Page history last edited by Debra Lee 14 years, 9 months ago

Critical Theory/Postmodernism


     Because we are in the era of critical theory and postmodernism, numerous theorists and authors write on this field. One look at the critical theory reading list from Martin Ryder at the University of Colorado, Denver makes this clear.




Critical theory, on the basic level, involves ensuring that the voices of all individuals are heard. In this sense, critical theory is similar to feminist theory, though in feminist theory the focus is on the female voices. In critical theory, the focus is on any underrepresented voice. As instructors and students, we have to investigate our assumptions and our practices to ensure that no one is left out because of our biases, hidden or otherwise (Merriam, 2001).

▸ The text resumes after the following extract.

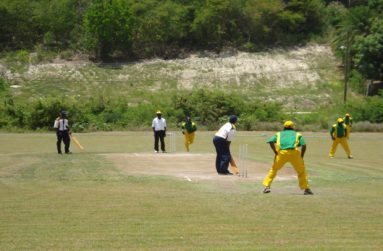 softball-cricket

In CALL (Computer-Assisted Language Learning) and ESL (English as a Second Language), three of the primary critical theory authors are Lantolf, Thorne, and Canagarajah. Lantoff and Thorne argue for a sociocultural theory of second language development. Canajarajah seeks recognition of the voices of second language writers. For adult education scholars interested in critical theory, I would also recommend the works of these authors.



  • Canajarajah, A. S. (2002). Critical academic writnig and multilingual students. Ann Arbor, MI: University of Michigan Press.
  • Lantolf, J. P. & Thorne, S. L. (2006). Sociocultural theiory and the genesis of second language development. Oxford: Oxford University Press.